(TASK OBJECTIVE) Copy nothing from the entries below except the lines from the one containing "Villa for Sale" through the one containing "Used 2024 Chevrolet", and copy those exactly.

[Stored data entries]
+---+

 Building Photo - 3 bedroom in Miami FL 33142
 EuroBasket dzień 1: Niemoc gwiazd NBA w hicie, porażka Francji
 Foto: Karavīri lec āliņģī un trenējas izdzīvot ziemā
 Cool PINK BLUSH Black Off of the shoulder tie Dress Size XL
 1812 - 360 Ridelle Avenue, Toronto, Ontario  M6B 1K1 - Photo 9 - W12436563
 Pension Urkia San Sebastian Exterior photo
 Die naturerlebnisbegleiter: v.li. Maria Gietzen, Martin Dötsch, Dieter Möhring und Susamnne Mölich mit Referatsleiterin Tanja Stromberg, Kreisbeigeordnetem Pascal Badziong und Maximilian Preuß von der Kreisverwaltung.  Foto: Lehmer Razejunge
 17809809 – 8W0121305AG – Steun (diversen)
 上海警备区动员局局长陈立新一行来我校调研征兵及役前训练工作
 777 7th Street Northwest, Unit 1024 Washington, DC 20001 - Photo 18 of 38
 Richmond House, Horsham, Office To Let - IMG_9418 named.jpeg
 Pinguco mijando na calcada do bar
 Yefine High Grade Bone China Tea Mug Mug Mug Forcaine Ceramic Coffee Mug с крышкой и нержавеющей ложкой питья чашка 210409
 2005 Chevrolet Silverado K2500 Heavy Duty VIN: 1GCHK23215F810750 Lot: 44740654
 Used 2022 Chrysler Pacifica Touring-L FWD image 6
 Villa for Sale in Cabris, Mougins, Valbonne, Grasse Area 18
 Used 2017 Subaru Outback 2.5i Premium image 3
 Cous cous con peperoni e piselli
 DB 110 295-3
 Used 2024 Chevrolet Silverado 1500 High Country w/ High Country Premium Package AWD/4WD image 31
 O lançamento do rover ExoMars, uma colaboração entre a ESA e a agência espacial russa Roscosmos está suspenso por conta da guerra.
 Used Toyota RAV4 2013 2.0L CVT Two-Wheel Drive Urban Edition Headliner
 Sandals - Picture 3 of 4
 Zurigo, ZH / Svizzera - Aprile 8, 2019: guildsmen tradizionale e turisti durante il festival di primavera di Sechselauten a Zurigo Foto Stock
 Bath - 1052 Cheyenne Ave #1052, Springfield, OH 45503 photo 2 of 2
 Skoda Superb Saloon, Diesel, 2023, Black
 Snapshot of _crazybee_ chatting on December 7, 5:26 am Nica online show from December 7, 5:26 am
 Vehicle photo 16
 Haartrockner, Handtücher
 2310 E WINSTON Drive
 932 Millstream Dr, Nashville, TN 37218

+---+

(ANSWER FOR THE TASK)
 Villa for Sale in Cabris, Mougins, Valbonne, Grasse Area 18
 Used 2017 Subaru Outback 2.5i Premium image 3
 Cous cous con peperoni e piselli
 DB 110 295-3
 Used 2024 Chevrolet Silverado 1500 High Country w/ High Country Premium Package AWD/4WD image 31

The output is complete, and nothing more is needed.